=== Task item ===
Copy each line of the data below exactly, leaving out pictures.

=== Data section ===
----------------

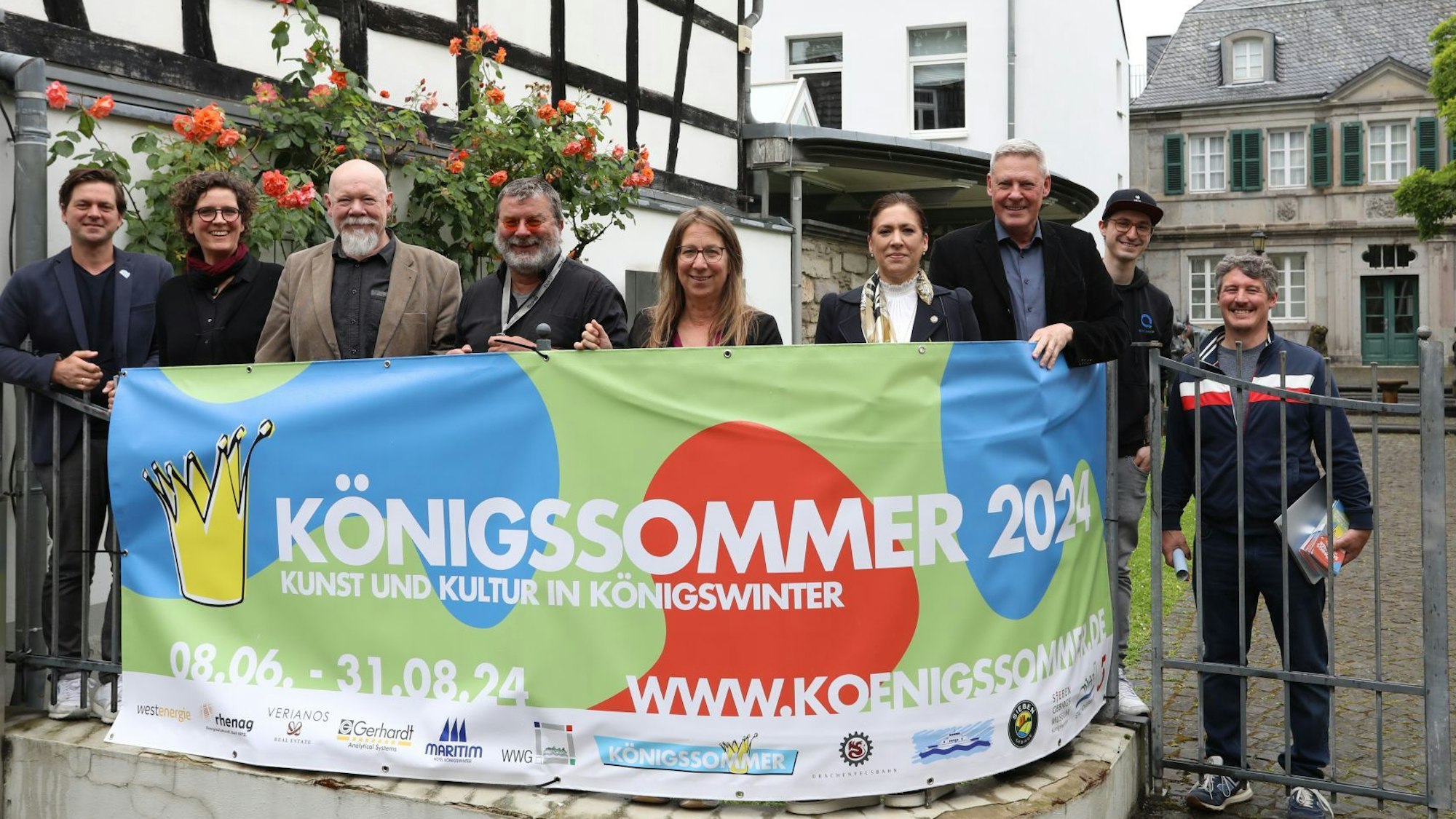 Eine Gruppe von Männern und Frauen stehen hinter einem Transparent mit der Aufschrift „Königssommer 2024“.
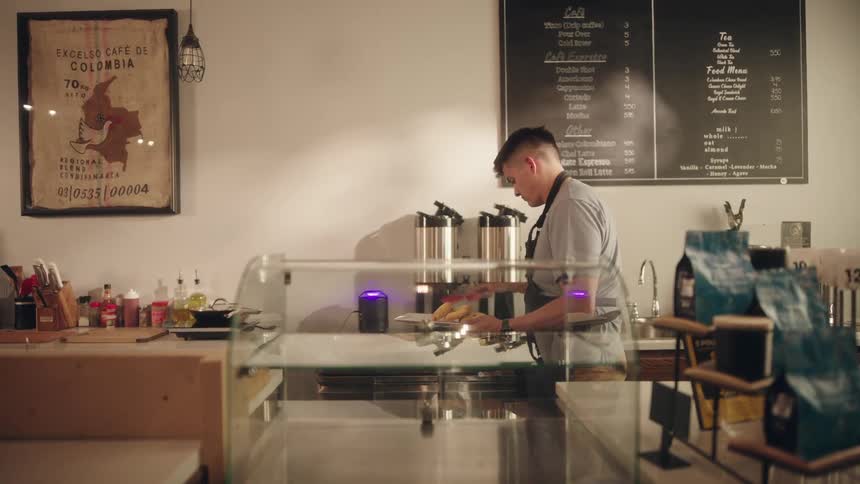 A person is working behind the counter in a coffee shop with a menu board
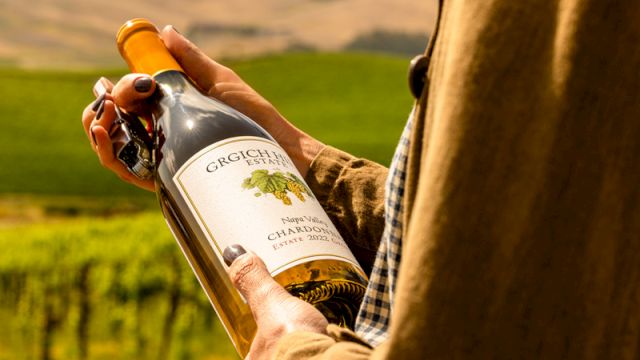 A person in a vineyard uncorks/holds a bottle of wine outdoors with hills in the background.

----------------

=== Answer space ===
 Eine Gruppe von Männern und Frauen stehen hinter einem Transparent mit der Aufschrift „Königssommer 2024“.
 A person is working behind the counter in a coffee shop with a menu board
 A person in a vineyard uncorks/holds a bottle of wine outdoors with hills in the background.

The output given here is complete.